What those mayors are seeing is a future for their cities in which taxis fly, garbage trucks analyze trash, and traffic is managed in real time not by traffic engineers but by artificial intelligence.  

 EmbraerX, a Brazilian aviation company, came to SXSW to tout its vision of taking ride-sharing to the next level, in this case literally, with its eVTOL, or an electrical Vertical Take Off and Landing vehicle. Basically, we’re talking flying taxis. 

Even building a flying taxi – sorry, an electric, and possibly pilotless flying taxi – requires EmbraerX to build an entirely new ecosystem to  deploy, park, regulate, and manage eVTOLs.   

But the first step is to get people used to the idea, which is what convinced EmbraerX to create a Prototype Room at SXSW where people could build flying taxis out of Legos, use VR headsets to take a virtual ride or have to company’s head designer sketch out your own particular vision of what it should look like.  

“It will only be possible if we ignite people’s imagination and show we are not offering product, but a social transformation. SXSW is an obvious stage to spread this message,” said Antonio Campello, CEO of EmbraerX. 

The imminent arrival of automated vehicles in cities has journalist Malcolm Gladwell, who spoke at SXSW on Saturday, worried. While he quibbled with describing driverless cars as autonomous when they can’t exercise decision-making powers, his major concern is that introducing computer-driven cars onto public roads before we’ve solved cyber security poses a significant risk to cities.  

“People in Silicon Valley are a little bit too blasé about security,” said Gladwell. “At a time where I wake up to news about $200 million hacks every week, it is irresponsible to bring about such a societal shift” like driverless cars.  “If the NSA can’t protect itself, who can?” 
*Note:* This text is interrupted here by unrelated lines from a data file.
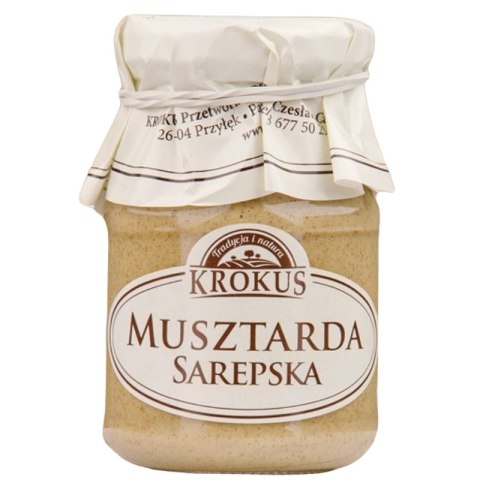 MUSZTARDA SAREPSKA 185 g - KROKUS KROKUS (przetwory owocowe i warzywne)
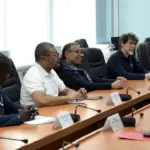 На Рівненській АЕС працюватиме нова місія МАГАТЕ Представники місії МАГАТЕ.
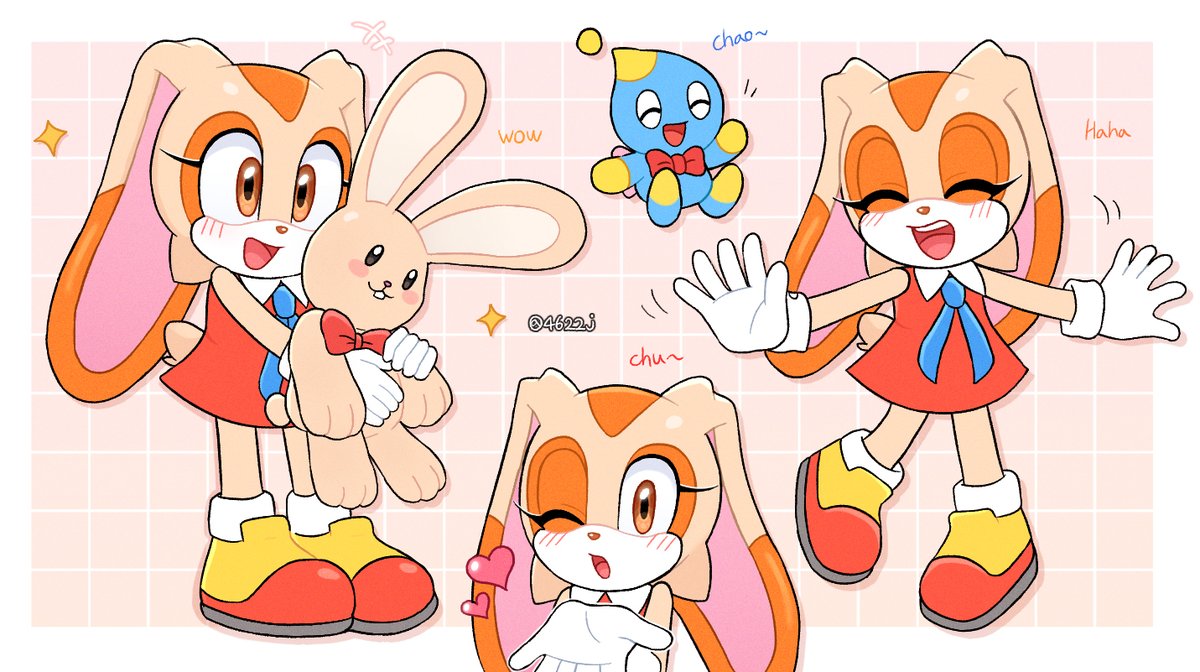 snc_4622j's tweet photo. Cream The Rabbit~🐰🧡 https://t.co/6lqpgEvoSG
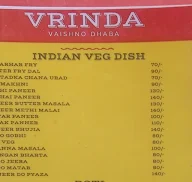 Vrinda Vaishno Dhaba menu 1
Cities will likely work through that and many other questions with driverless vehicles before we ever take our first ride in a flying taxi. Between now and that point in the not-too-distant future how we get around cities is going to undergo a period of rapid and perhaps disruptive change. The only thing that won’t change with urban mobility is that it will be discussed every March in Austin at SXSW.